# Too many low grade cherries... not sure what to do with em.



## lunawolf (6 mo ago)

Yeahhh my cherries are breeding like crazy and I have no clue what to do with them. BigAls is the only lfs that buys fish in Hamilton and they currently don't want them, which is a pain.
Took a rubbermaid tub and turned it into a temporary holding tank for the small ones since they're swarming my small tank. 

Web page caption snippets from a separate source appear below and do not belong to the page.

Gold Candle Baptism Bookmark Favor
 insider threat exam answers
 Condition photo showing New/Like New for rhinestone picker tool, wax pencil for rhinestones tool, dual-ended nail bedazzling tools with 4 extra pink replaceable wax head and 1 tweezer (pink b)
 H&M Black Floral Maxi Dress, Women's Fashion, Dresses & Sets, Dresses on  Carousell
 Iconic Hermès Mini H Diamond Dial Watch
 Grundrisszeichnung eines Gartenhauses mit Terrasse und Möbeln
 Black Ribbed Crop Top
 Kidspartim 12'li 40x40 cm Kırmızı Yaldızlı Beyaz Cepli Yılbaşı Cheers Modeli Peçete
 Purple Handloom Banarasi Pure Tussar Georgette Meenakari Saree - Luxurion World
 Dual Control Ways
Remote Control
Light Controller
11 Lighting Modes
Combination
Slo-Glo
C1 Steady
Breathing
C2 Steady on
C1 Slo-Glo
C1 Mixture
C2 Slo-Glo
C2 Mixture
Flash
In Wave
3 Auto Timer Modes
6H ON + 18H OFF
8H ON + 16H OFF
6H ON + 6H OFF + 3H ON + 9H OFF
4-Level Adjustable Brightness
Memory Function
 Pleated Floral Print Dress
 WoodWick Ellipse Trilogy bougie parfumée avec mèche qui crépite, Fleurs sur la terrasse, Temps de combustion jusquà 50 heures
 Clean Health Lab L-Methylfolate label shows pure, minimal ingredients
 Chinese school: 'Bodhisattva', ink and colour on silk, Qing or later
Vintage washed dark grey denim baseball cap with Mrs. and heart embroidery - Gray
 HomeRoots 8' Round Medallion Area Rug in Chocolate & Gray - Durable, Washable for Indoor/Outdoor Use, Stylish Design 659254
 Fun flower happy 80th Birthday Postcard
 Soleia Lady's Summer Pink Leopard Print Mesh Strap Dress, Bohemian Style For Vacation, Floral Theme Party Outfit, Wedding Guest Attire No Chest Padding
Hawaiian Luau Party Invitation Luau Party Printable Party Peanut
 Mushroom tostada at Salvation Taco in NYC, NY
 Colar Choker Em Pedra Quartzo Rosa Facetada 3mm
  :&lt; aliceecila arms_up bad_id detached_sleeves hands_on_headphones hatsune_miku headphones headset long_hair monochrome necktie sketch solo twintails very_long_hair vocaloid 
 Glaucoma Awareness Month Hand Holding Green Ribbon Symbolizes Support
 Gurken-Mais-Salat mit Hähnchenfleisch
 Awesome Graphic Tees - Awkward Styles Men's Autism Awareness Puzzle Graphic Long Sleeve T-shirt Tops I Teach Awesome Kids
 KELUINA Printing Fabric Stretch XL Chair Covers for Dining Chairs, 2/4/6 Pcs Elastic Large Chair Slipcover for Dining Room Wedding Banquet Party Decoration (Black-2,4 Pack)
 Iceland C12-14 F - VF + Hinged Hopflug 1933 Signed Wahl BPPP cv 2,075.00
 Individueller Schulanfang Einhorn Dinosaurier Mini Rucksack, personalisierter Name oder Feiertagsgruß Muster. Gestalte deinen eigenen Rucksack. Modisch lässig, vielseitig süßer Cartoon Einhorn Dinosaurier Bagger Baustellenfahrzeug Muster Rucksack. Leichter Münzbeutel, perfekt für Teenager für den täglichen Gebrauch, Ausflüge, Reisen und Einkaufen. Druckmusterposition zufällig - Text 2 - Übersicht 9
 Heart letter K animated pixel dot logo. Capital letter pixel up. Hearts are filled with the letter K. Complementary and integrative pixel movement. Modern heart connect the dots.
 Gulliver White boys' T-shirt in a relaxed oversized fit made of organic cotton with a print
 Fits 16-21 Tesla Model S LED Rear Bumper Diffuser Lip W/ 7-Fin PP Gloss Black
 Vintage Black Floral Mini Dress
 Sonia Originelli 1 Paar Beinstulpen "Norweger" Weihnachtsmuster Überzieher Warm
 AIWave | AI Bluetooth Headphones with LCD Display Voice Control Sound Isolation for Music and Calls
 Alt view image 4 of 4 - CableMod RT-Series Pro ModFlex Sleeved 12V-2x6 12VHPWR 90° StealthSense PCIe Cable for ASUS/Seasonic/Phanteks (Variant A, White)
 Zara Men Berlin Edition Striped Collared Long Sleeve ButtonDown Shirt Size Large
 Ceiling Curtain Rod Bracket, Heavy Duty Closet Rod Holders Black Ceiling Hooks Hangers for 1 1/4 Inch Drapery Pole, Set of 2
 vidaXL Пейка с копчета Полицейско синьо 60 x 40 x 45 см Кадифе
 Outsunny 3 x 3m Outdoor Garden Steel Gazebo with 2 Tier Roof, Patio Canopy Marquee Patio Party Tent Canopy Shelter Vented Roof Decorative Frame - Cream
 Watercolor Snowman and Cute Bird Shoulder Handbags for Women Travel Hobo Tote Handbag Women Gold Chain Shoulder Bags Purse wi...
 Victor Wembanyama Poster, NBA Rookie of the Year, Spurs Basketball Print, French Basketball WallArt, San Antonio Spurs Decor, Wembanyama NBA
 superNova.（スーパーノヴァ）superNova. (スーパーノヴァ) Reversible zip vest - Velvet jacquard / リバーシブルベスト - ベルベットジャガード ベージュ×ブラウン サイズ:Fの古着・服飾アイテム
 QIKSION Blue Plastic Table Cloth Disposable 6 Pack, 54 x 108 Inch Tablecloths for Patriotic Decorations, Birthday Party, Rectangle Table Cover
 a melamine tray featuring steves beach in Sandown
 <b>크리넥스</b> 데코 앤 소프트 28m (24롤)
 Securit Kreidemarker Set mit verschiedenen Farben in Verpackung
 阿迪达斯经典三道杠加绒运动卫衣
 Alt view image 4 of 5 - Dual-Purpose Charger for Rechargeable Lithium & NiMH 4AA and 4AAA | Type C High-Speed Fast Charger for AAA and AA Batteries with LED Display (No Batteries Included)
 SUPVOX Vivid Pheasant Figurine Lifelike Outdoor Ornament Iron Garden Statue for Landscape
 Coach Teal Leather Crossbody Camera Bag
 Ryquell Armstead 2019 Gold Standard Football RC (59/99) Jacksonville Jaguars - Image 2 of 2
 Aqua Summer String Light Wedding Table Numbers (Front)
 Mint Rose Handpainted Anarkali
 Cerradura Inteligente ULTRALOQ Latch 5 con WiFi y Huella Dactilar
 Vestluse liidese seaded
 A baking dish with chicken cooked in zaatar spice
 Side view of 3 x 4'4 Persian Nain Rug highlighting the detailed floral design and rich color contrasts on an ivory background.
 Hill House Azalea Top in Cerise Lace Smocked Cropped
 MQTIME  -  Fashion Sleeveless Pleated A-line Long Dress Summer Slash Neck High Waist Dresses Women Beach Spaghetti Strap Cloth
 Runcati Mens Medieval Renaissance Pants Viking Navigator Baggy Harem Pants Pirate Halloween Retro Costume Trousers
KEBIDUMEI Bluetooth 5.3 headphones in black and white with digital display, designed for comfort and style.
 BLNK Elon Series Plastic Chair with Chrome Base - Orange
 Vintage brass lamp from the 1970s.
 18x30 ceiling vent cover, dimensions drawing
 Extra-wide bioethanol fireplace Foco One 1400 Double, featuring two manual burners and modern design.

Anyone have suggestions? Currently debating tossing them up on kijiji at 2 for a buck once they grow a bit more, but I'm unsure if anyone will even buy them since there are others already selling in the area.


----------



## Poseidon (Sep 1, 2013)

How many do you have? And where are you located (approximately) in Hamilton?


----------



## lunawolf (6 mo ago)

Somewhere between 20 and 30 at best guess right now, but it may be more. I have to pull more of them from my tank. They're a bit hard to count as most are currently about 1/4 grown. I'm in the downtown area.


----------



## Mau (6 mo ago)

I was happy to buy my first shrimp for a Walstad tank for cheap, most aren't going for less than $2 so you may have an edge. Or maybe you can start these low tech tanks for gifting too, if they are self-sustaining I can see many friends and classrooms wanting one.


----------



## lunawolf (6 mo ago)

I'm likely going to pop an ad on kijii, I also may have arranged to trade some for an old tank so I can get the others out of the tub they're in atm. I'll also likely toss an ad up on here to cover all the bases.
I knew they bred a lot when i got them... but I think I underestimated just how much. 😅


----------